**Task description**.
Give the lines again exactly as they appear below, from the line with "丹毒患者应该怎样的预防和治疗" to the line with "Non shaven DHI", both included, and only those lines. Leave every picture out.

**Dataset**.
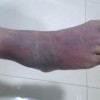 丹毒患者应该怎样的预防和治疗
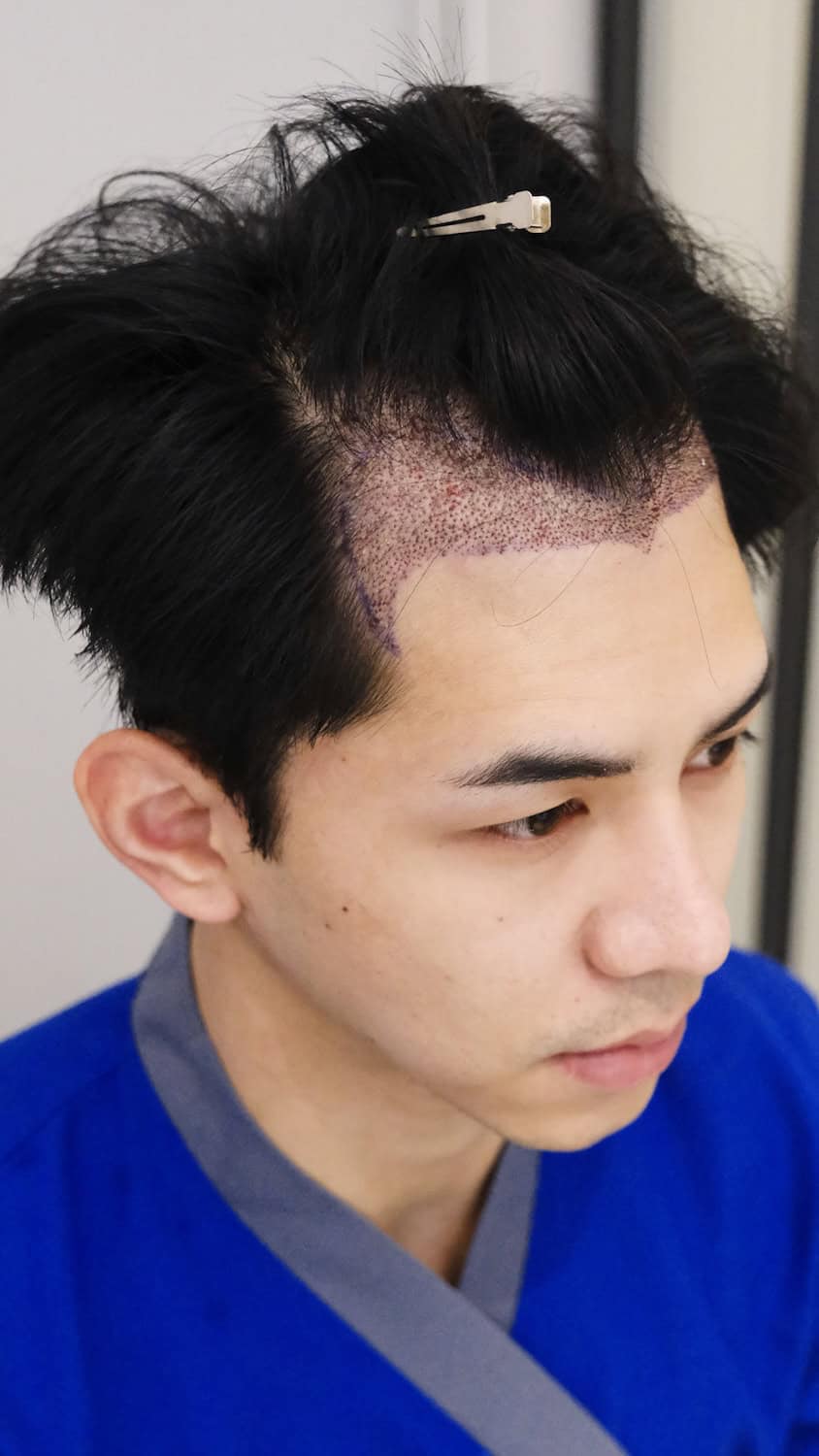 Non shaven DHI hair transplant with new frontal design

--

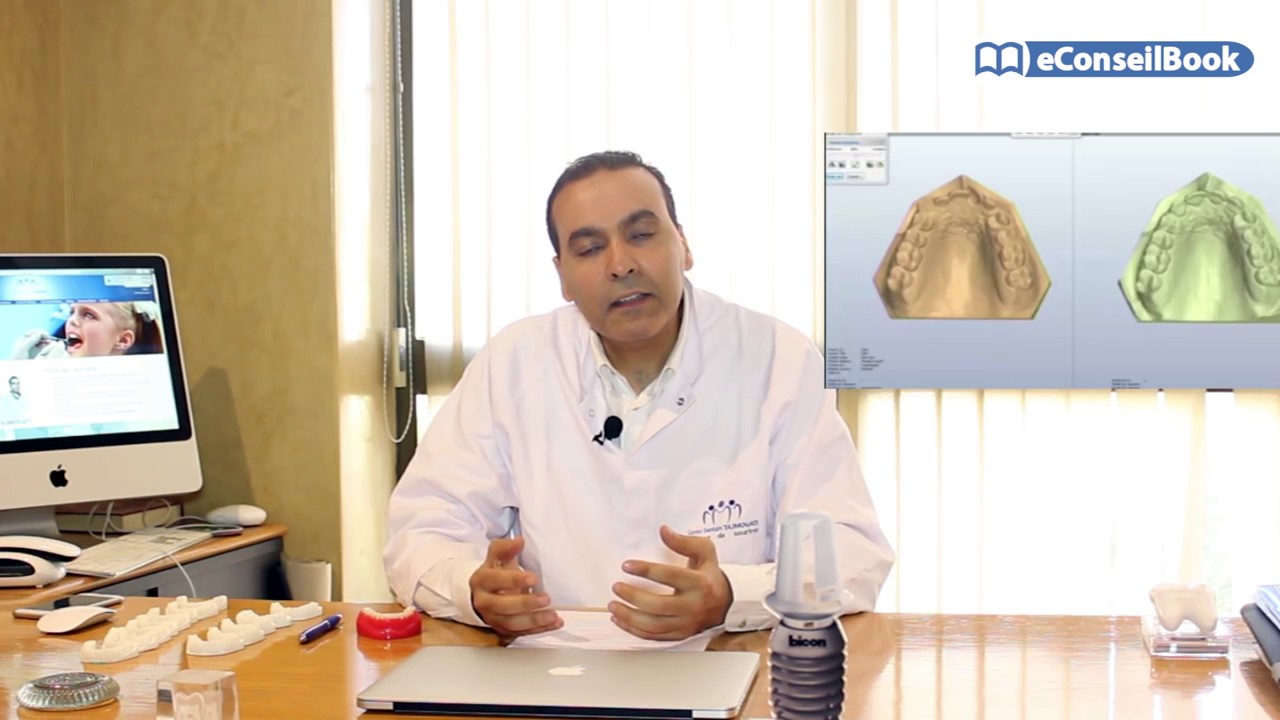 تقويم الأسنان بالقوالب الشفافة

**Answer to the exercise**.
 丹毒患者应该怎样的预防和治疗
 Non shaven DHI hair transplant with new frontal design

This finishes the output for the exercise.